I'm pondering at how to speed up bit testing in the following routine:

void histSubtractFromBits(uint64* cursor, uint16* hist){
    //traverse each bit of the 256-bit-long bitstring by splitting up into 4 bitsets
    std::bitset<64> a(*cursor);
    std::bitset<64> b(*(cursor+1));
    std::bitset<64> c(*(cursor+2));
    std::bitset<64> d(*(cursor+3));
    for(int bit = 0; bit < 64; bit++){
        hist[bit] -= a.test(bit);
    }
    for(int bit = 0; bit < 64; bit++){
        hist[bit+64] -= b.test(bit);
    }
    for(int bit = 0; bit < 64; bit++){
        hist[bit+128] -= c.test(bit);
    }
    for(int bit = 0; bit < 64; bit++){
        hist[bit+192] -= d.test(bit);
    }
}

The actual gcc implementation does a range-check for the bit argument, then &-s with a bitmask. I could do it without the bitsets and with my own bit-shifting / masking, but I'm fairly certain that won't yield any significant speedup (tell me if I'm wrong and why).
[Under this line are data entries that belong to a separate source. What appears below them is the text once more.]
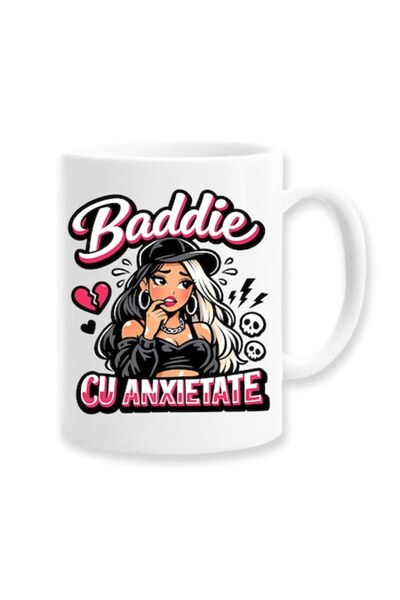 OEM Cană cu mesaj amuzant: "Baddie cu anxietate", albă, 330ml, ceramică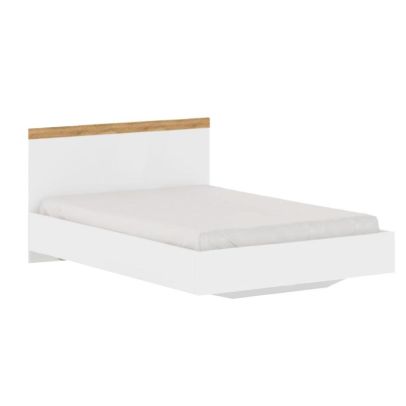 Posteľ, 120x200, biela/dub wotan, VILGO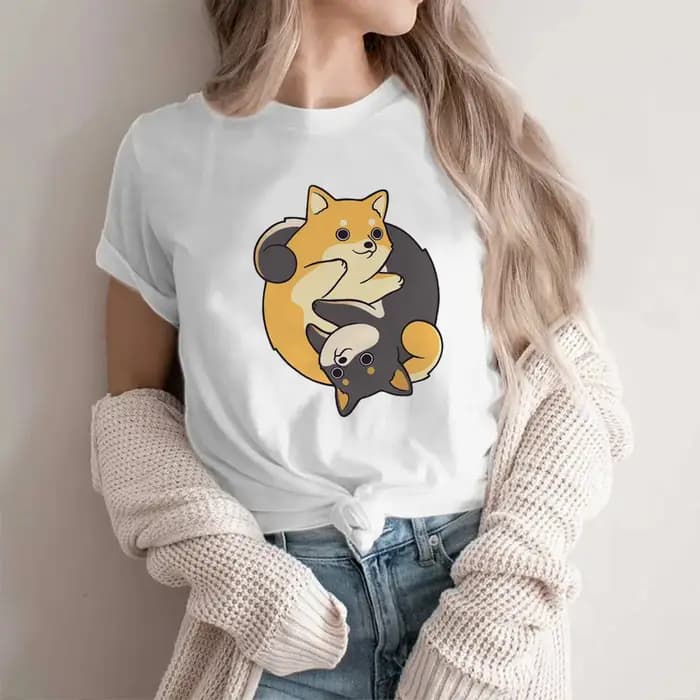 Akita Inu t-shirt femmes Y2K t-shirt femme drôle japonais streetwear vêtements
I'm not really familiar with the x86-64 assembly, but I am aware of a certain bit test instruction, and I am aware that it's theoretically possible to do inline assembly with gcc.
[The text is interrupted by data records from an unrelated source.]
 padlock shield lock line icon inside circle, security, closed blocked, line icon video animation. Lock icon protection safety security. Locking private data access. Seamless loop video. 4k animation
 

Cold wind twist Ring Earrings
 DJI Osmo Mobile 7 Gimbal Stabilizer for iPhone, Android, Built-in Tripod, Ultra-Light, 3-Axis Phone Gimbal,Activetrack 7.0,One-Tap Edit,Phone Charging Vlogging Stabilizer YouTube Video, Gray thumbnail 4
1) Do you think it at all worthwhile to write an inline-assembly analogue for the above code?

2) If yes, then how would I go about doing it, i.e. could you show me some basic starter code / samples to point me in the right direction?
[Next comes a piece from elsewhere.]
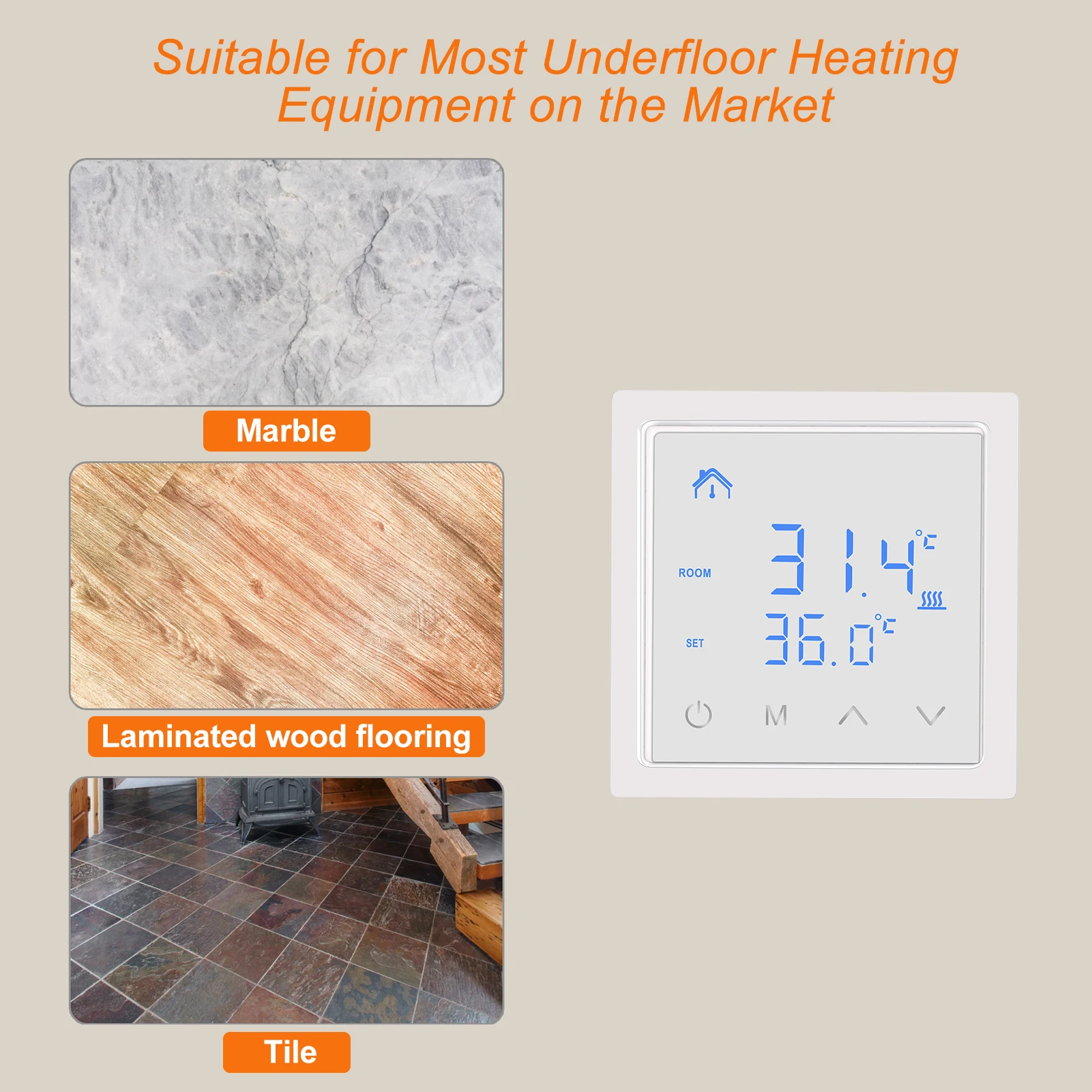 Умный термостат для теплого пола 16 А светодиодный сенсорный экран 85-265 в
Making this microoptimization doesn'ty make any sense, unless *measurements* show this is performance-relevant. I doubt it very much, I'm sure your performance bottlenecks are elsewhere. — vonbrand, Apr 28 '14 at 20:41
Does this really say `hist[...] -= ...;` not `hist[...] += ...` ? — FrankH., Apr 29 '14 at 12:16
@FrankH. I have two versions of the function, one has "-=" and is called "histSubtractFromBits", the other has "+=" and is called "histAddToBits". Both are important and performance-critical. — Greg Kramida, Apr 29 '14 at 14:21
@vonbrand, I believe it's relevant, since we're talking about adding /subtracting up literally billions of these bitstrings during a single run on a single data item. The other things are already optimized (on the GPU w/ OpenCl). This part it seems like it makes more sense to do on the CPU. — Greg Kramida, Apr 29 '14 at 14:22
See also http://stackoverflow.com/questions/12985949/methods-to-vectorise-histogram-in-simd and http://stackoverflow.com/questions/10316708/ios-glsl-is-there-a-way-to-create-an-image-histogram-using-a-glsl-shader?lq=1 for some references. I _suspect_ that what you're actually trying to do is to histogram an _array_ / _vector_ of `bitset<256>`, i.e. that `histSubtractFromBits()` is actually called in a loop ? The best code of that will look very different from the best code to do a _single_ step. — FrankH., Apr 29 '14 at 14:26
@FrankH., you're right, it's a histogram of sorts, or rather - multiple histograms, one for each region centered at each pixel in the image. Here's the thing, though: it's a sliding histogram of "responses", not of "occurences." To be more specific, it's an optimized and altered version of MPEG7 Color Structure descriptor. Storing the entire output data doesn't seem to be feasible, but storing partial results in bit-strings for each *window* (note, not each "region") seems feasible. Hence I need very quick way to get the actual descriptors from these. — Greg Kramida, Apr 29 '14 at 14:45

Jester · Accepted Answer · 2014-04-28T18:45:55.093

As far as I can tell, you basically iterate over each bit. As such, I'd imagine simply shifting and masking off the LSB every time should provide good performance. Something like:

uint64_t a = *cursor;
for(int bit = 0; a != 0; bit++, a >>= 1) {
    hist[bit] -= (a & 1);
}

Alternatively, if you expect only very few bits to be set and are happy with gcc specific stuff, you could use __builtin_ffsll

uint64_t a = *cursor;
int next;
for(int bit = 0; (next = __builtin_ffsll(a)) != 0; ) {
    bit += next;
    hist[bit - 1] -= 1;
    a >>= next;
}

The idea should be fine, but no warranty for the actual code :)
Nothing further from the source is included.